Ein neues Girokonto wählen

Eine weitere Möglichkeit, um aus der Dispofalle zu kommen, ist ein Wechsel des Girokontos. Gelegentlich sind Kunden bei einer Bank, deren Zinssätze und Konditionen ungünstig sind. Durch einen Wechsel des Girokontos haben die Betroffenen die Möglichkeit, günstigere Zinssätze in Anspruch zu nehmen. Das hat beim Dispo beispielsweise die Folge, dass sich nicht so viele Schulden anhäufen und die Betroffenen bessere Möglichkeiten haben, um bestehenden finanzielle Verpflichtungen nachzukommen.

Auch hier ist es wiederum wichtig, einen genauen Vergleich durchzuführen. Bloß weil die Konditionen bei einem Girokonto bei einer bestimmten Bank besser sind, heißt das noch lange nicht, dass dieses Geldinstitut die richtige Wahl ist. Es müssen alle Faktoren passen, damit diese Strategie zur Überwindung der Dispofalle geeignet ist. Somit ist es auch hier unverzichtbar, möglichst viele Banken in den Blick zu nehmen und mehr als nur einen Faktor beim Vergleich zu berücksichtigen.

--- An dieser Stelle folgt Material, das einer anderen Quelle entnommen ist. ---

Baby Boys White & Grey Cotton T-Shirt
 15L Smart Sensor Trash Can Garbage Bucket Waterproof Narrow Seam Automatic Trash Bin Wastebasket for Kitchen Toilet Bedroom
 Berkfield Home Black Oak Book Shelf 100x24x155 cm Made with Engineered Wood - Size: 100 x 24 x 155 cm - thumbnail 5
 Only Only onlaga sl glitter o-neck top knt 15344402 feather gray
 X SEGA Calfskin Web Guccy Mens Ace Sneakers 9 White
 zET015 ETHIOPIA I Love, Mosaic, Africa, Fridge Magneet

Ein Haushaltsbuch hilft bei der Kostenkontrolle

Ein erster Schritt aus der Dispofalle besteht darin, ein Haushaltsbuch anzulegen. Hierin können sämtliche Einnahmen und Ausgaben aufgelistet werden. Somit sehen Betroffene schnell, welche Ausgaben notwendig und an welcher Stelle eventuell Einsparungen möglich sind. Je genauer die Betroffenen wissen, wofür sie ihr Geld ausgeben, desto besser können sie damit haushalten.

Ein Haushaltsbuch ist jedoch immer eine langfristige Strategie. Wer sich nur einen bestimmten Monat anschaut, bekommt noch kein umfassendes Bild davon, wie man mit den eigenen Finanzen umgeht. Hierfür ist ein mehrmonatiger Vergleich wichtig, am besten wird sogar ein ganzes Jahr in den Blick genommen. Um kurzfristig aus der Dispofalle zu kommen, müssen daher auch noch andere Strategien gewählt werden, weswegen sich viele für einen Sofortkredit entscheiden.

Einnahmen steigern oder Ausgaben senken

Ganz grundsätzlich gibt es zwei Möglichkeiten, um aus der Dispofalle zu kommen. Die eine besteht darin, die Einnahmen zu erhöhen. Das würde beispielsweise bedeuten, einen zusätzlichen Job anzunehmen oder Dinge aus dem Privathaushalt zu verkaufen. Alternativ kann darauf gesetzt werden, die Ausgaben zu reduzieren. Das ist allerdings immer mit einer Einschränkung der Lebensqualität verbunden und nur in gewissen Grenzen möglich. Wer nur für notwendige Dinge wie Strom, Lebensmittel und Miete Geld ausgibt, kann keine Einsparungen vornehmen. Deswegen müssen die persönlichen Möglichkeiten zur Begleichung der Kreditschulden objektiv eingeschätzt werden. Sollte sich hieraus ergeben, dass die Dispofalle langfristig nicht aus eigener Kraft überwunden werden kann, hilft nur noch der Griff zum Sofort- oder Ratenkredit.